Thursday, July 14th, 2005, 1:17 pm
Excessive Use of Compression
Compression is often used unnecessarily. Two advantages can be gained by compressing files:
- Centralising a collection of files in one single file
- Reducing the overall volume of data
Tarring of files can handle the former task while the latter can have no positive effects (e.g. when compressing JPEG files that are already condensed). In some circumstances, the data being compressed is very light to begin with. Why compress it and lead to complications (indexing and searching, latency in opening files, re-ordering, etc.)? Why compress Web pages in Apache when there is still incomplete support by browsers? As regards databases, anybody whose textual content exceeds 10 MB is serious about Web development and thus will have plenty of server space to spare.

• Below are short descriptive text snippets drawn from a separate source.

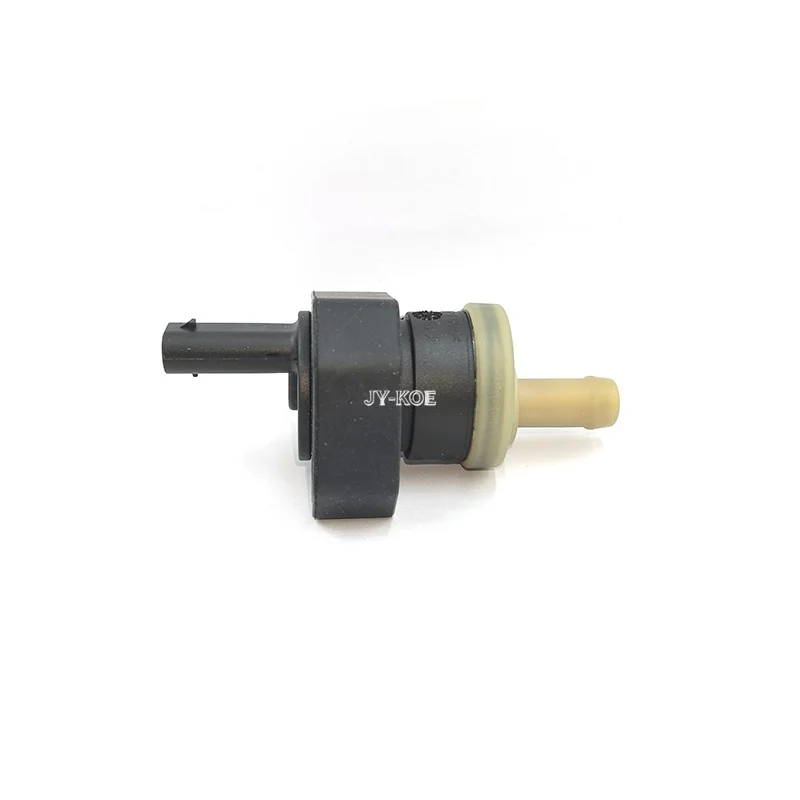 Vacuum Solenoid Valve for Mercedes Benz 0009975012 A0009975012 X218 C218 S205 C205 W213 A207 C207 C238 C253 R172 CLS260 C180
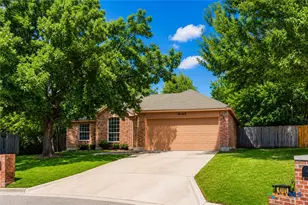 4102 Red River Cir, Temple, TX 76504 - Photo 3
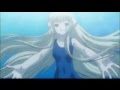 Chobits AMV ~ Hatsune miku - Deep sea Girl ...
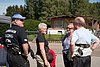 IMG_7182.jpg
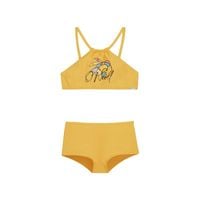 Strój kąpielow O'Neill Mix And Match Cali Holiday Bikini Jr 92800613929 152
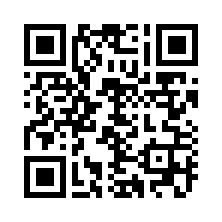 QR Code for 31zxKGppzZpGv5DcTPTLqQLL2dcsBw1D4E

There are a few cases where use of compression can be justified. For example, genome sequencing benefits greatly from compression (DNA can be immensely big). On the contrary, text-only content, which excludes graphics and other gratuitous media, will often be small in terms of volume. Old log files on Web servers, as yet another example, barely ever get accessed (hence no latency when uncompressed) and are easily reduced in size (patterns that recur make it over 80% compressible). Lastly, backups of large data volumes (e.g. mirrors) might be worth the complications associated with compression. That is exactly when size becomes the major issue.